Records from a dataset
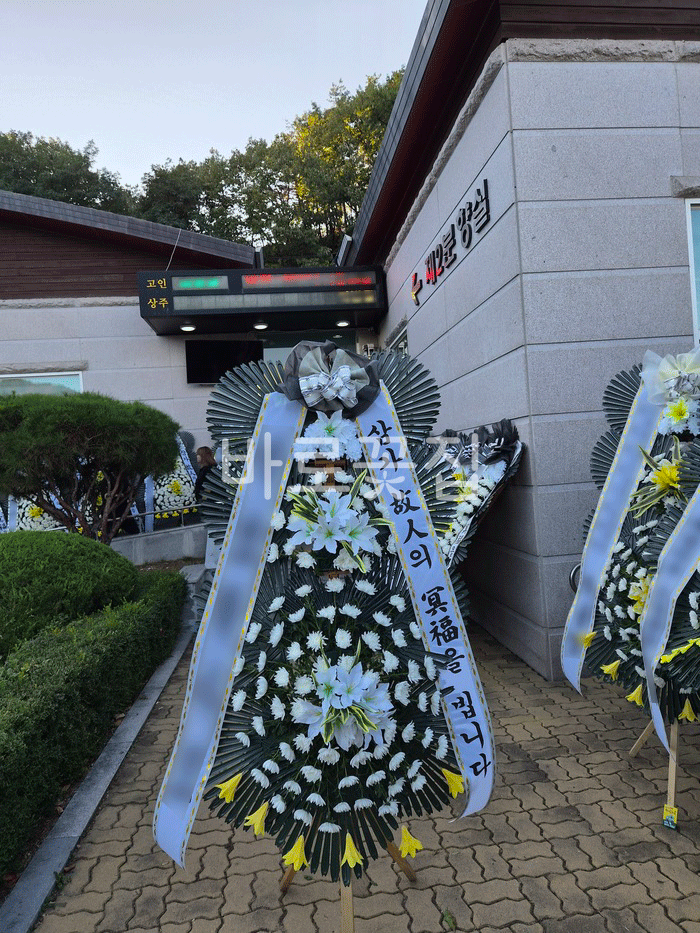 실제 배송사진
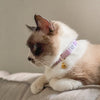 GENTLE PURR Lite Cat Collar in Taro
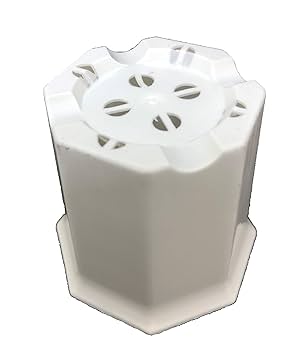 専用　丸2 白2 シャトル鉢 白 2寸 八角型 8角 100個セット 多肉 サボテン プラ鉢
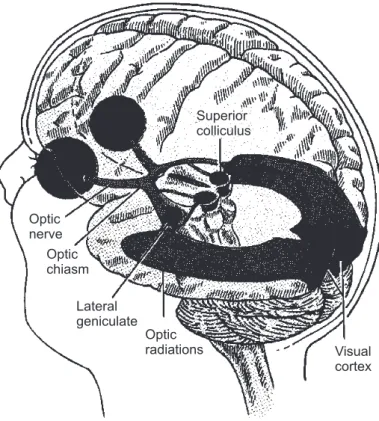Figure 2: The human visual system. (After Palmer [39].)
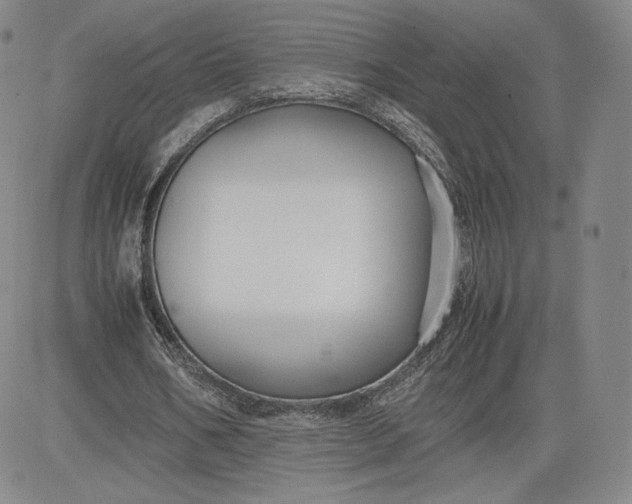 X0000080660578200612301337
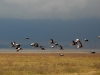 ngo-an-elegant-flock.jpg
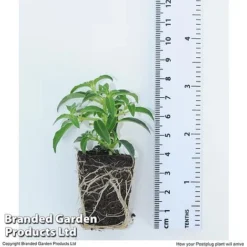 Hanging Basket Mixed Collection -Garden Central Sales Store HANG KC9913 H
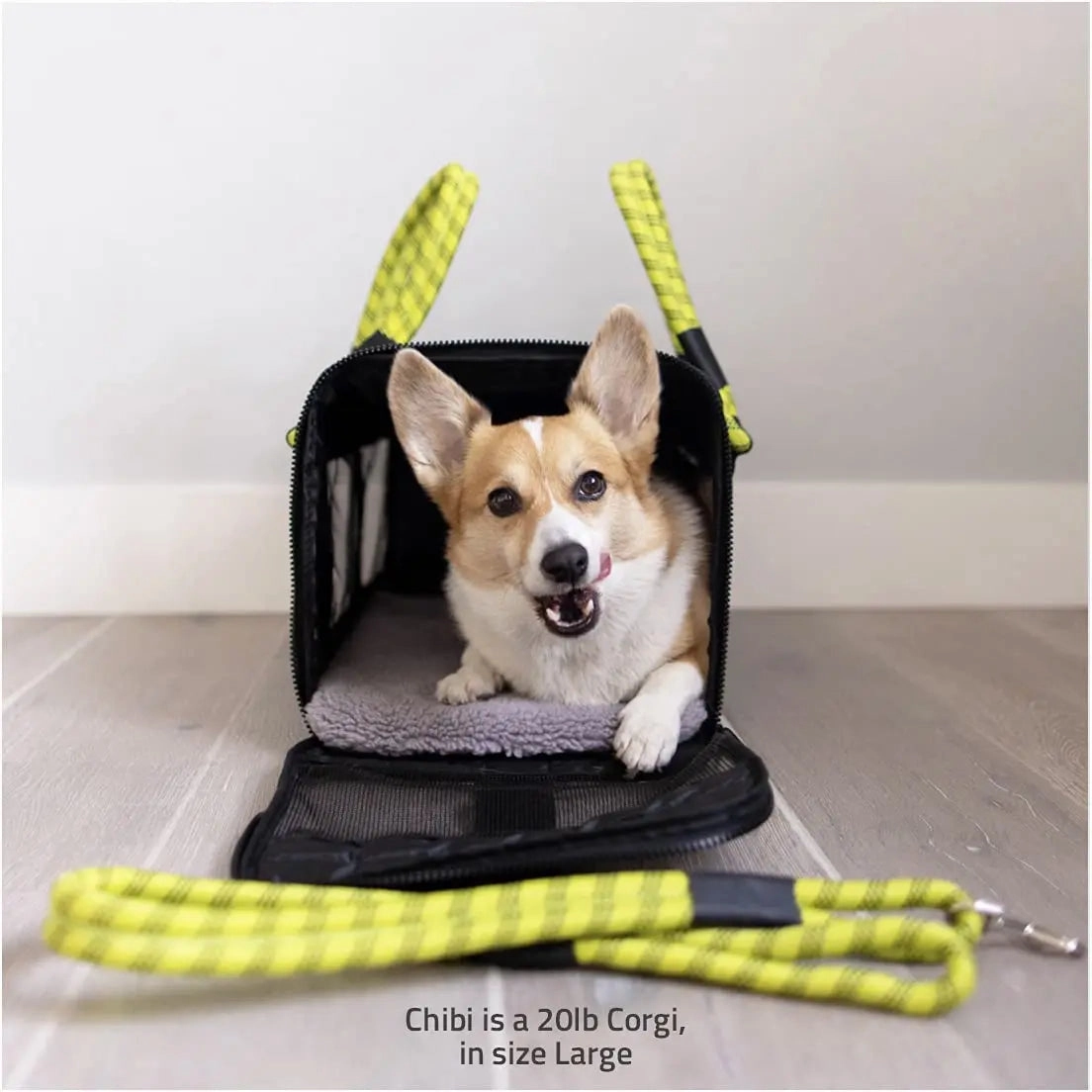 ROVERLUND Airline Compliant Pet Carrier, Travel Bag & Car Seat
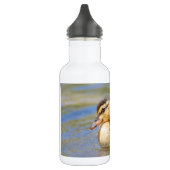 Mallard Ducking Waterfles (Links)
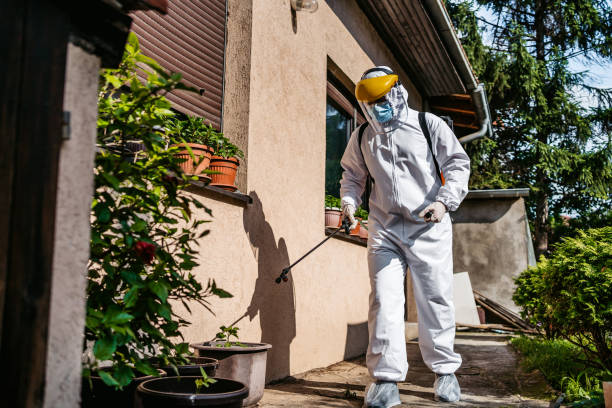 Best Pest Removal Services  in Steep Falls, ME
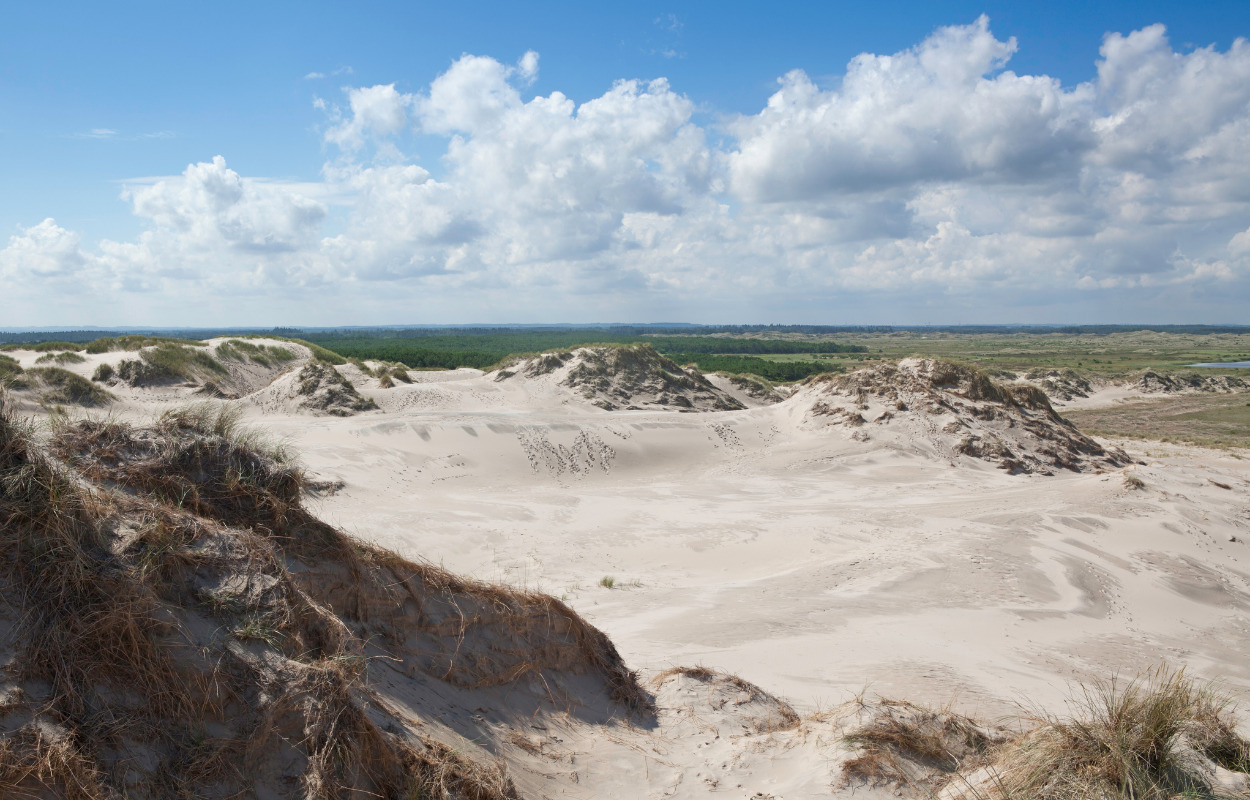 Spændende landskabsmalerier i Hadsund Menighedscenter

## Task instructions
Reproduce all of the entries word for word, skipping any pictures they hold.

## Your solution
 실제 배송사진
 GENTLE PURR Lite Cat Collar in Taro
 専用　丸2 白2 シャトル鉢 白 2寸 八角型 8角 100個セット 多肉 サボテン プラ鉢
Figure 2: The human visual system. (After Palmer [39].)
 X0000080660578200612301337
 ngo-an-elegant-flock.jpg
 Hanging Basket Mixed Collection -Garden Central Sales Store HANG KC9913 H
 ROVERLUND Airline Compliant Pet Carrier, Travel Bag & Car Seat
 Mallard Ducking Waterfles (Links)
 Best Pest Removal Services  in Steep Falls, ME
 Spændende landskabsmalerier i Hadsund Menighedscenter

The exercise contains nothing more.